いわゆる受益者を軸とした社会成果をマイルストーンに置くことも可能だと思うが、その場合次回投資決定の際には目標達成したかどうかという単一的な見方ではなく、投じた資金が効果的に使われたのか、そうでないならその原因はどこにあり次回投資を行うべきかどうかといった総合的な判断が求められると思う。

シンガポールVCモデル

コロナの影響で「シンガポールVCモデル」が今後変わっていくだろう。東南アジアのVCはシンガポールに集中している。日本企業でもシンガポールにオフィスを置いているところはいくつかある。シンガポールでは国内市場は少なく大きな市場は国外にあるため、タイ、マレーシア、フィリピン、インドネシアといった近隣の国を飛び回り投資や経営支援を行うというのが代表的なやり方だ。私がフィリピンで投資していた時もそういったVCの人たちと良く会っていた。ただし、コロナによってそういったやり方は少なくともこれから数年はできなくなる。私が過去に属していた組織があったスイスも似ている。

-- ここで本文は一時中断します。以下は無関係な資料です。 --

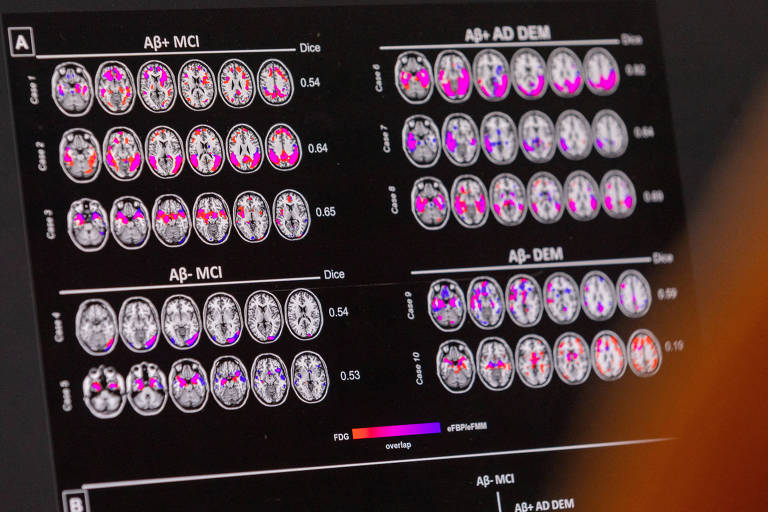 A imagem mostra uma tela de computador exibindo várias imagens de ressonância magnética do cérebro, marcadas com cores para indicar diferentes regiões e possíveis áreas de interesse médico. As imagens são acompanhadas de legendas e valores numéricos que sugerem uma análise quantitativa, possivelmente relacionada a estudos de condições neurodegenerativas como a doença de Alzheimer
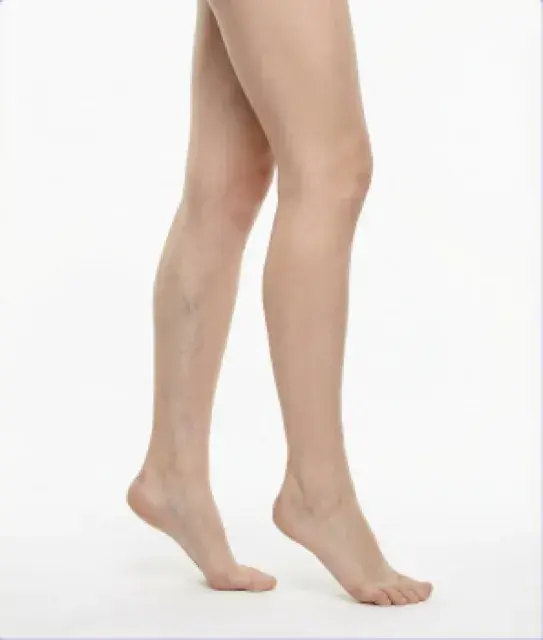 Tratamientos para Varices · Corporal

一方で、雇用形態や肩書きにとらわれない働きかたで働く人が世の中には増えてきている。海外では、比較的若い頃にインパクト投資を経験し、その後別の仕事をしたり独立したりする人も増えてきた。シンガポールから発展途上国に投資をするのではなく、現地でのプロフェッショナルをある種ゆるく繋げるような組織、レガシーな組織ではなくそんな組織形態が可能となるかもしれない。

環境を創る

ある人と社会を変えるには環境を創る力が重要だと言う話をした。環境をつくるって定義が難しいが、一つのことを専門的に極める力ではない。関係者とのコミュニケーション力、相手のモチベーションを向上させる力、共感力、傾聴力といったいろんな要素が絡まって関係者が力を発揮できたり成長する環境を創っていく。

私はこれまで特に早い段階にある組織の組織づくりに関わってきたが、上記は組織づくりに通ずるところがある。個々の集団や強いリーダーが組織を引っ張っていく、ルール形成や組織としてどう力を発揮するかガバナンスを含めた仕組みが作られ、個々の成長、組織間や個人間のシナジーを促す仕組み作りが必要となる。第一成長期、第二成長期といった感じだろうか。ビジネススクール時代の友人で卒業後アブダビでスタートアップをCOOとして成長させた友人が自分のやっていることはウィニングチームをつくることと言っていたが、これらもその一環だろうか。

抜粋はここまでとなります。